> **About this task**: With the pictures left out, reproduce exactly the lines running from the line with "Ford Focus 1.5TDCi-120../EURO6B/NAVI/CAMERA//ITALY" to the last line of the material below.

<<<<

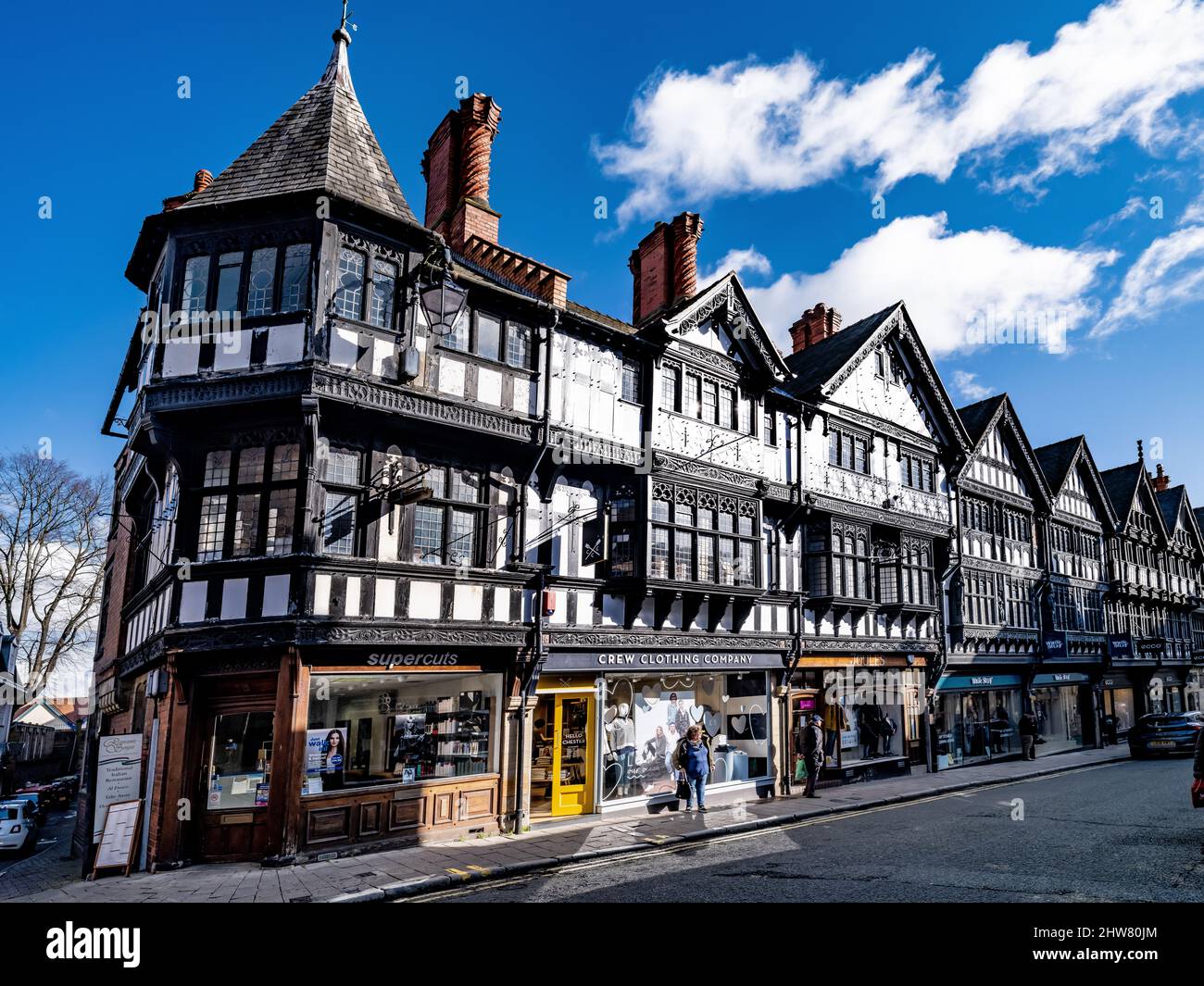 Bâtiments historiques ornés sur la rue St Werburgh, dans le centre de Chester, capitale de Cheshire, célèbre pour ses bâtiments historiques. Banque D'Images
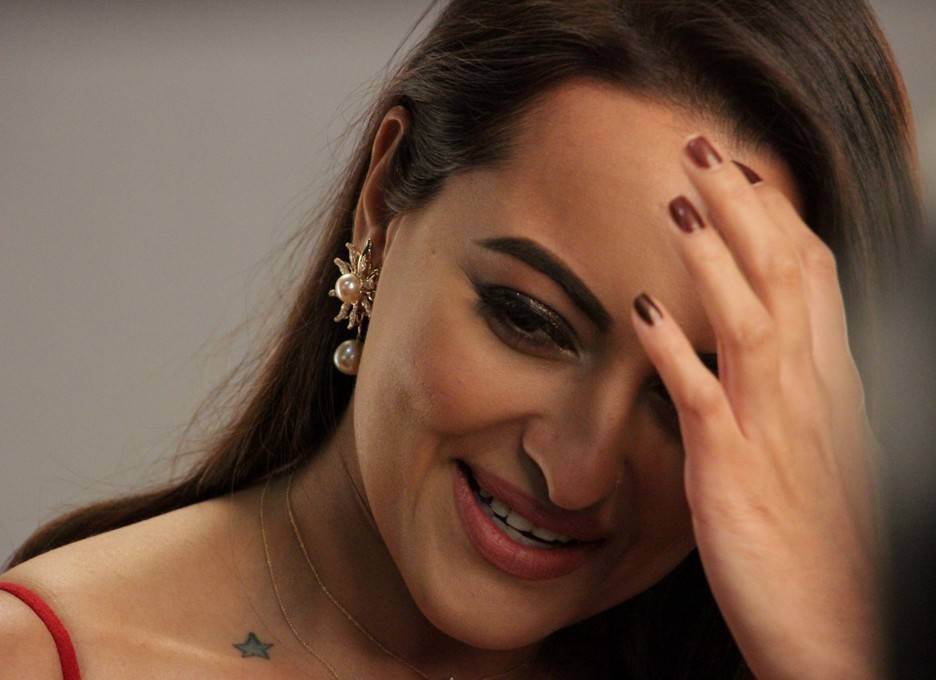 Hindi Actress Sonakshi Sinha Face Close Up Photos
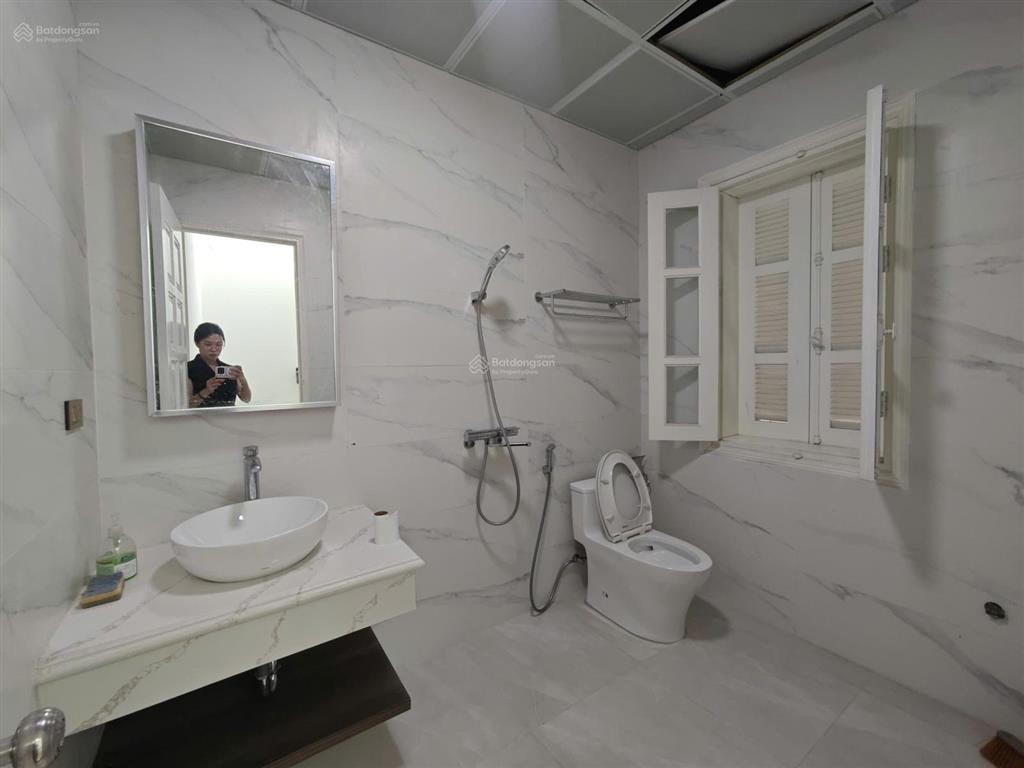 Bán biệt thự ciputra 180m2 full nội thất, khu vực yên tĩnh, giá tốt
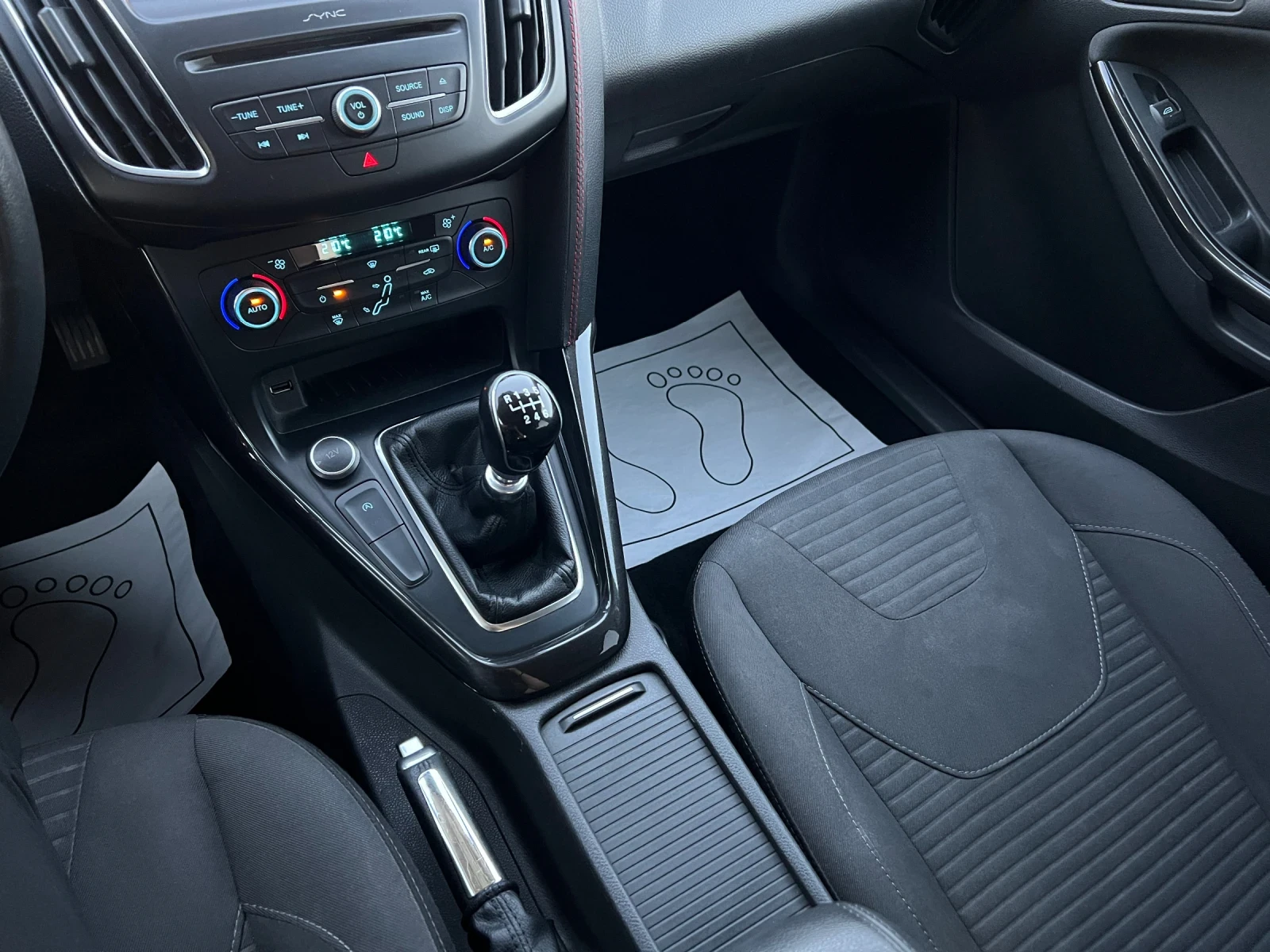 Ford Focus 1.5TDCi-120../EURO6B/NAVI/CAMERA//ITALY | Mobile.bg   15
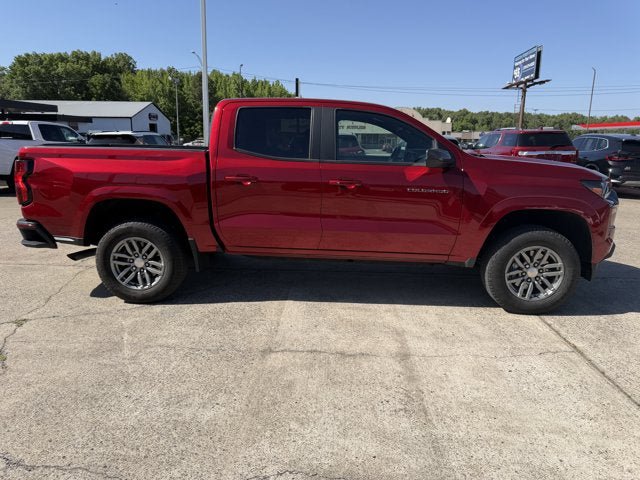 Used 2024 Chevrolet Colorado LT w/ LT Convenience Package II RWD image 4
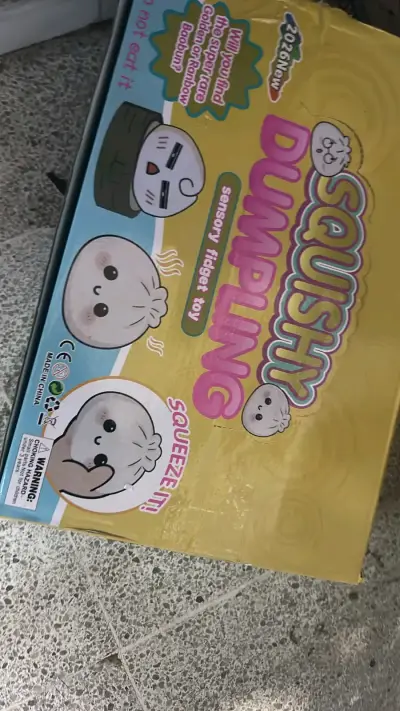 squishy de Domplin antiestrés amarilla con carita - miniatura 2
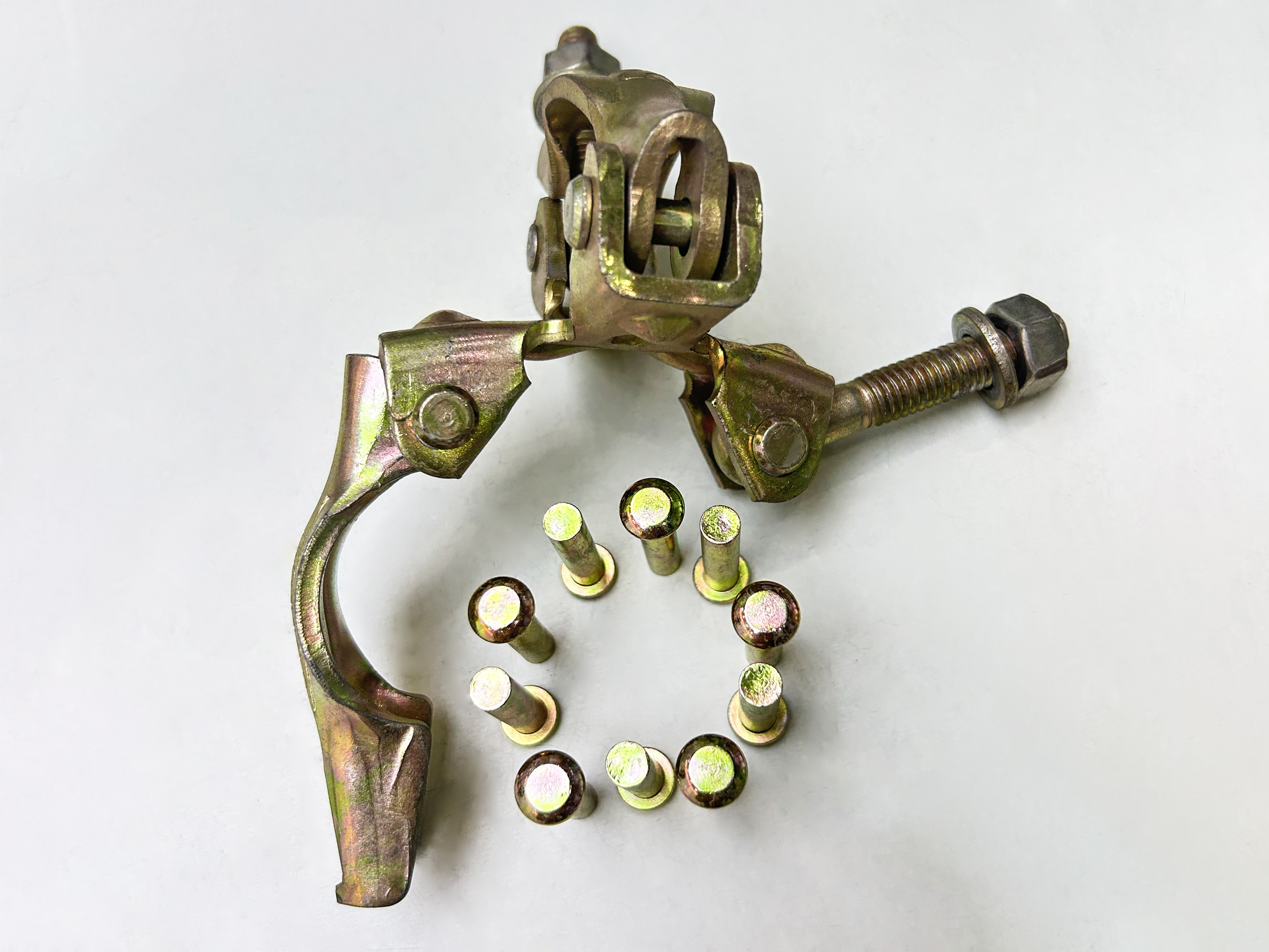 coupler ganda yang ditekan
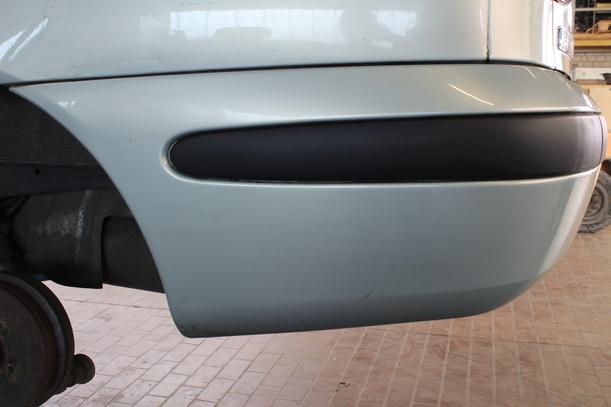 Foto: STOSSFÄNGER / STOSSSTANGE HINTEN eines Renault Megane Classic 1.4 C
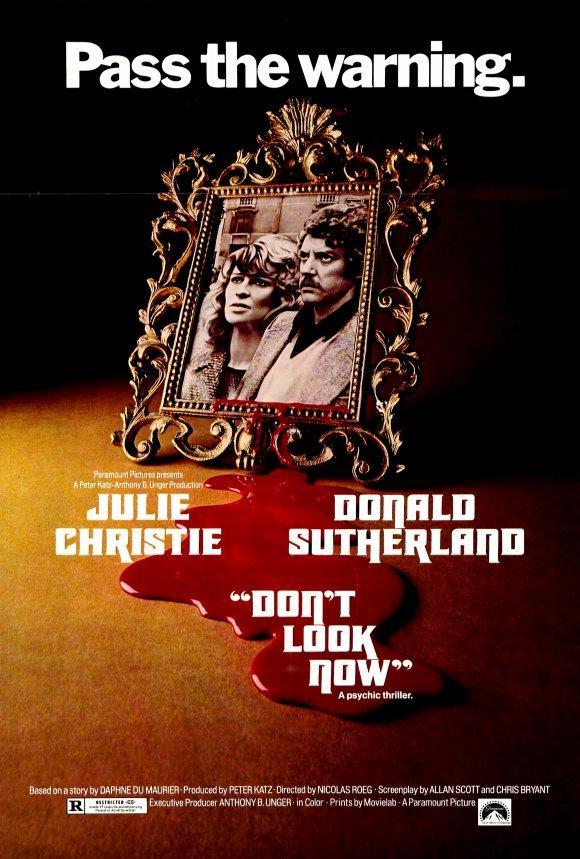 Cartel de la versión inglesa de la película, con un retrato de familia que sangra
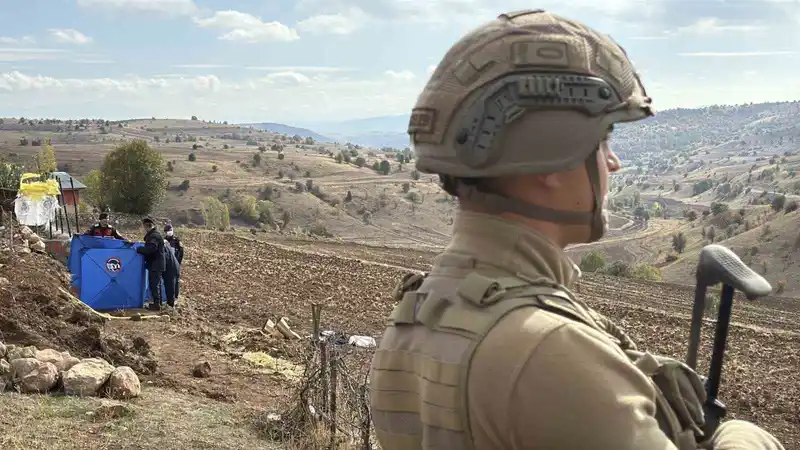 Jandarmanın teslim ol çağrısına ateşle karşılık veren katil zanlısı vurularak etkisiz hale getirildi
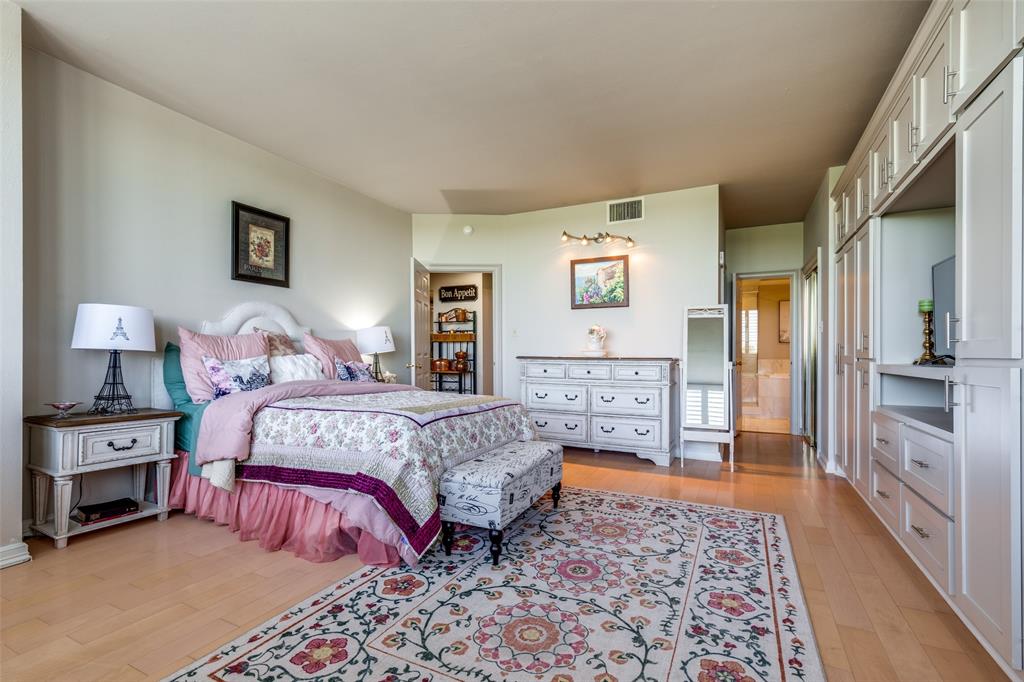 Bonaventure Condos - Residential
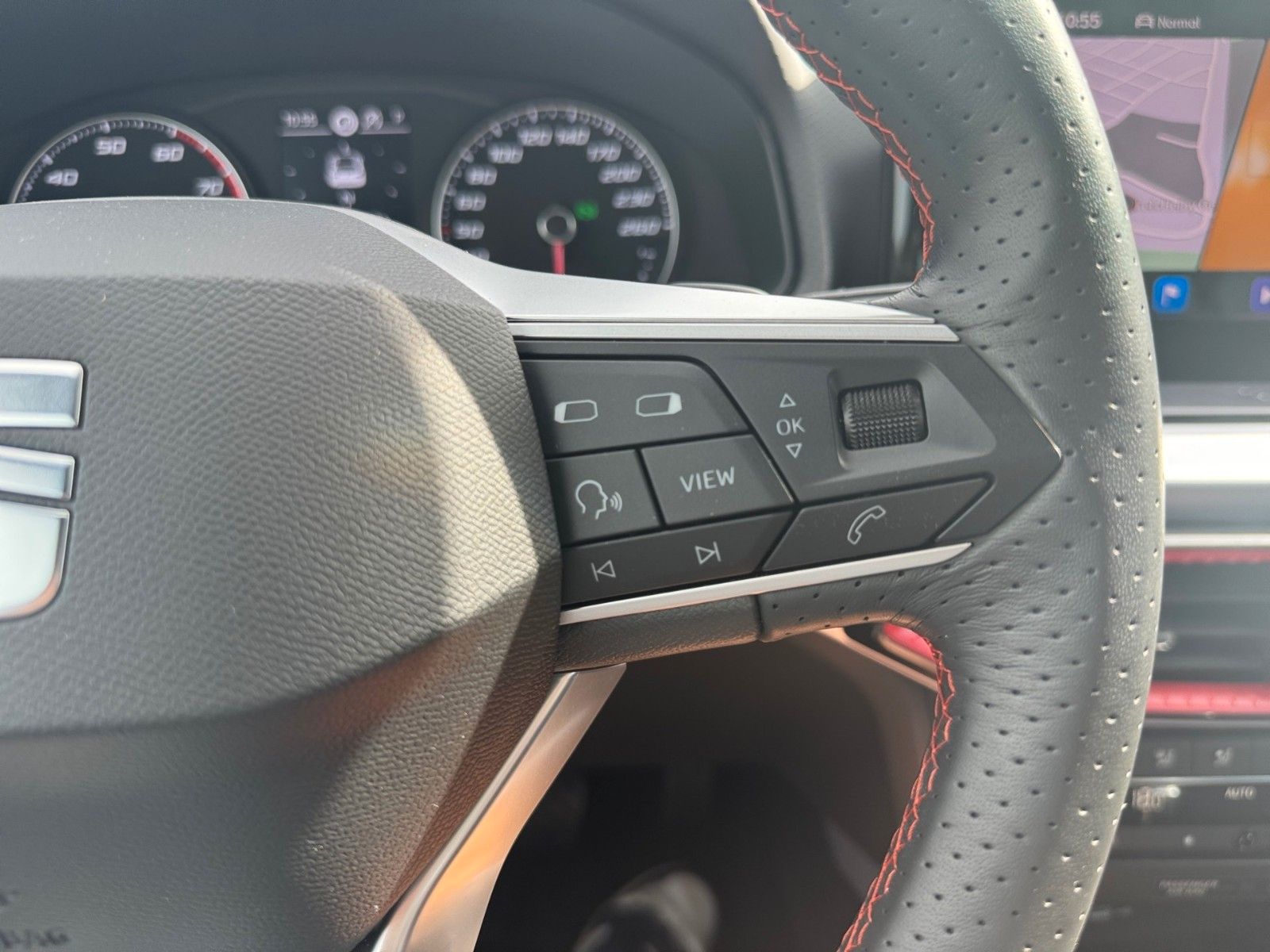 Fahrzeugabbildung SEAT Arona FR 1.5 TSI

>>>>

> **Solution to the exercise**:
 Ford Focus 1.5TDCi-120../EURO6B/NAVI/CAMERA//ITALY | Mobile.bg   15
 Used 2024 Chevrolet Colorado LT w/ LT Convenience Package II RWD image 4
 squishy de Domplin antiestrés amarilla con carita - miniatura 2
 coupler ganda yang ditekan
 Foto: STOSSFÄNGER / STOSSSTANGE HINTEN eines Renault Megane Classic 1.4 C
 Cartel de la versión inglesa de la película, con un retrato de familia que sangra
 Jandarmanın teslim ol çağrısına ateşle karşılık veren katil zanlısı vurularak etkisiz hale getirildi
 Bonaventure Condos - Residential
 Fahrzeugabbildung SEAT Arona FR 1.5 TSI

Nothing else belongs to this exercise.